[TASK BRIEF]
Give back every line of the material exactly. Skip the pictures.

[DATA]
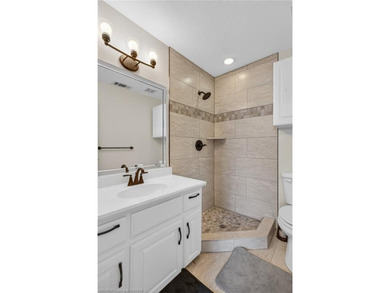 Perched on a premier .90-acre lot in the prestigious Point at - photo 37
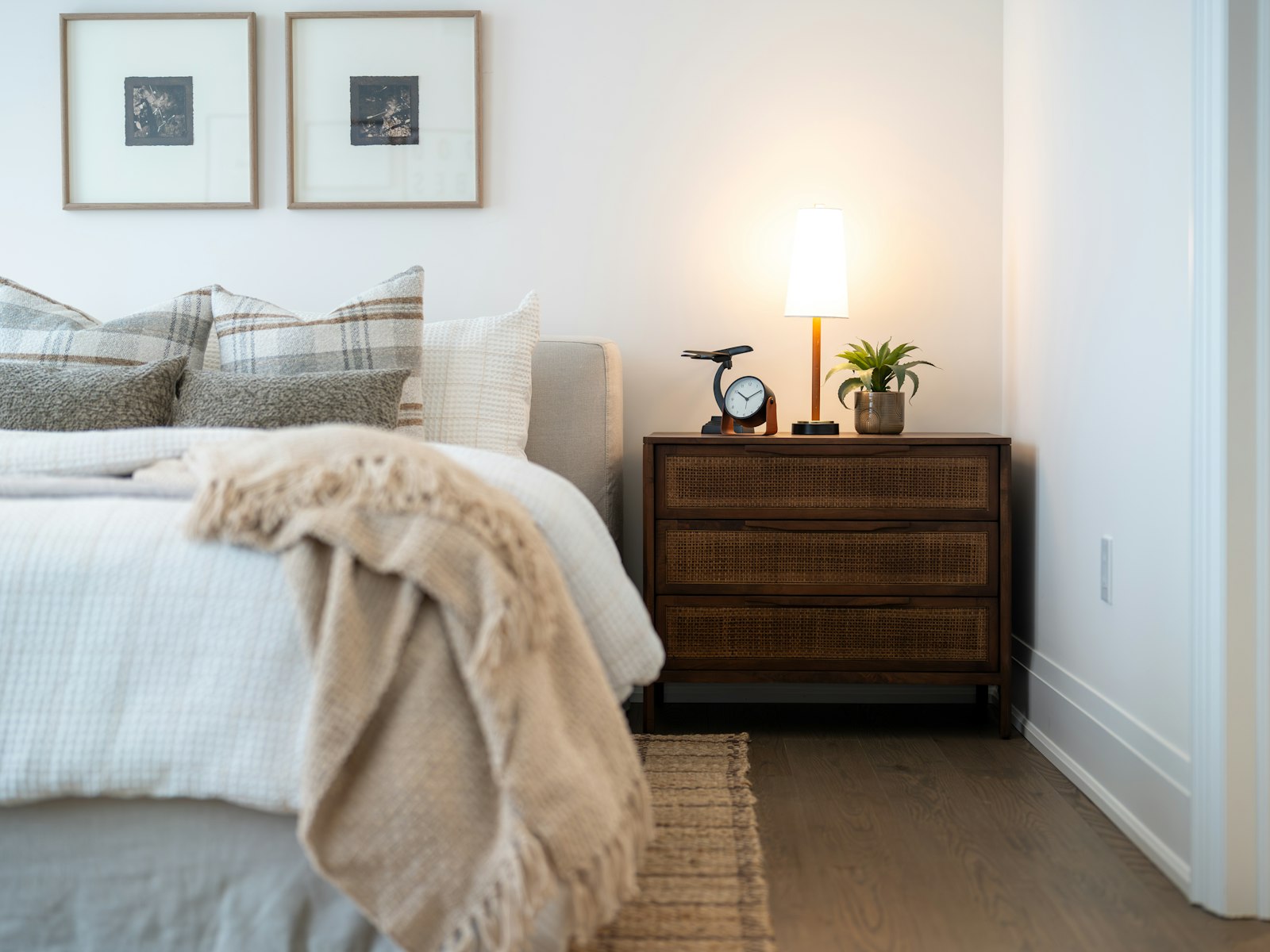 Bed with a faux fur throw, grey pillows and a glowing bedside lamp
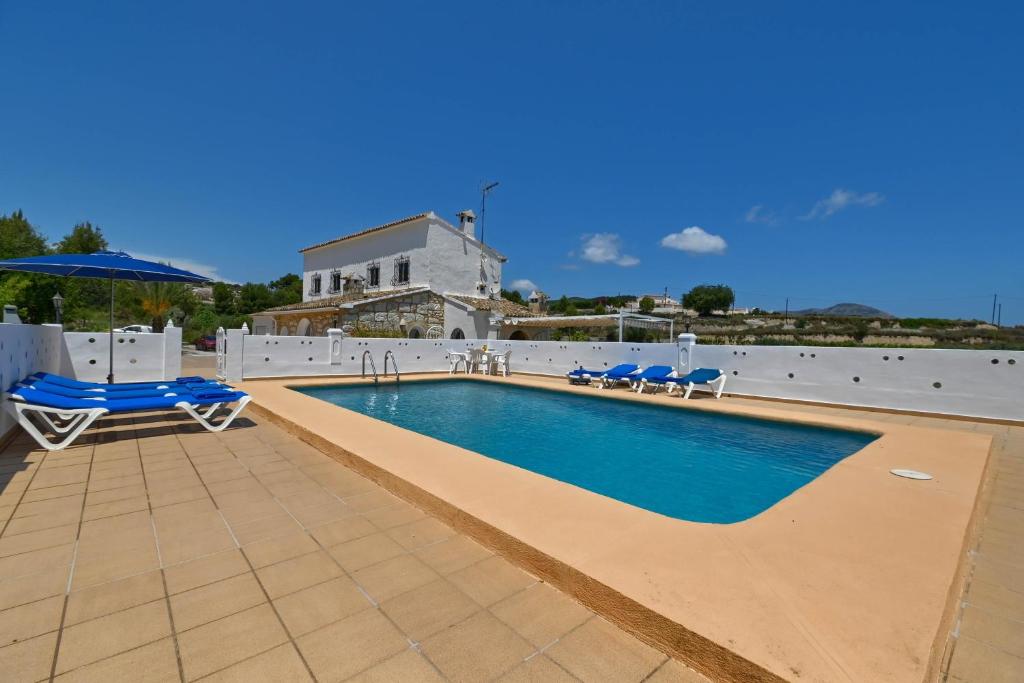 a swimming pool with lounge chairs and an umbrella at Abiareta in Jávea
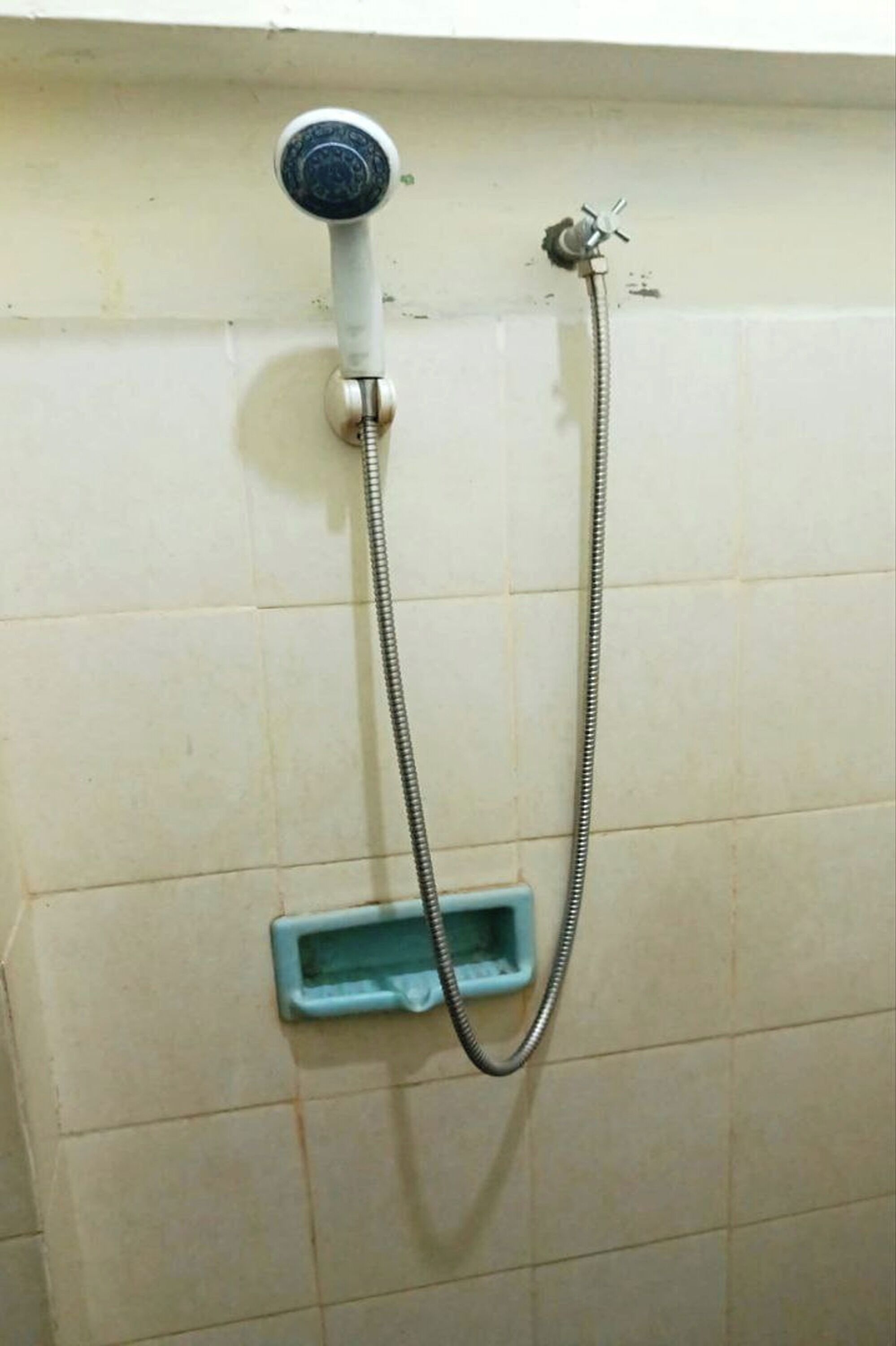 A shower with a handheld showerhead and a wall-mounted faucet.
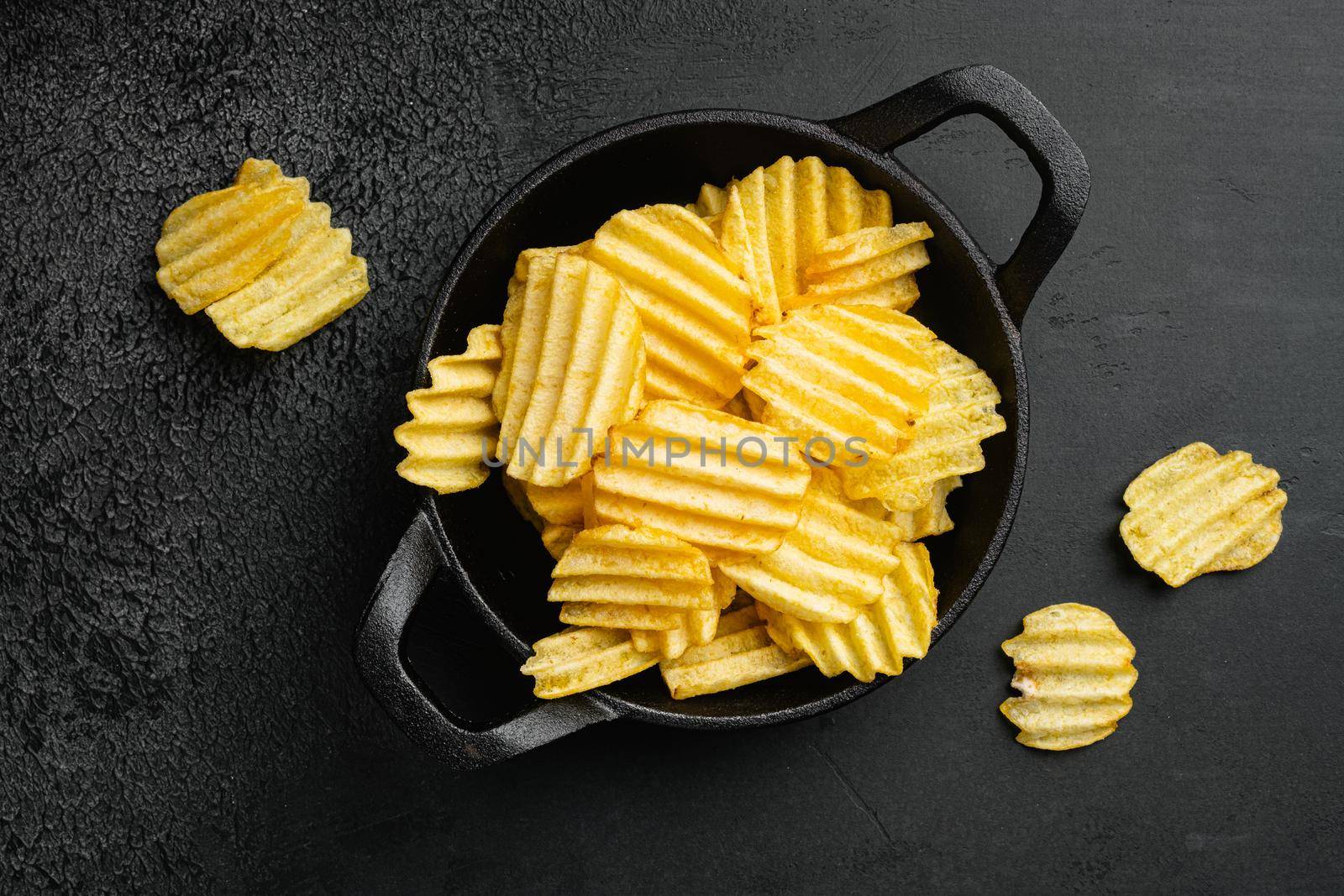 Wavy Ranch Flavored Potato Chips, on black dark stone table background, top view flat lay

[ANSWER]
 Perched on a premier .90-acre lot in the prestigious Point at - photo 37
 Bed with a faux fur throw, grey pillows and a glowing bedside lamp
 a swimming pool with lounge chairs and an umbrella at Abiareta in Jávea
 A shower with a handheld showerhead and a wall-mounted faucet.
 Wavy Ranch Flavored Potato Chips, on black dark stone table background, top view flat lay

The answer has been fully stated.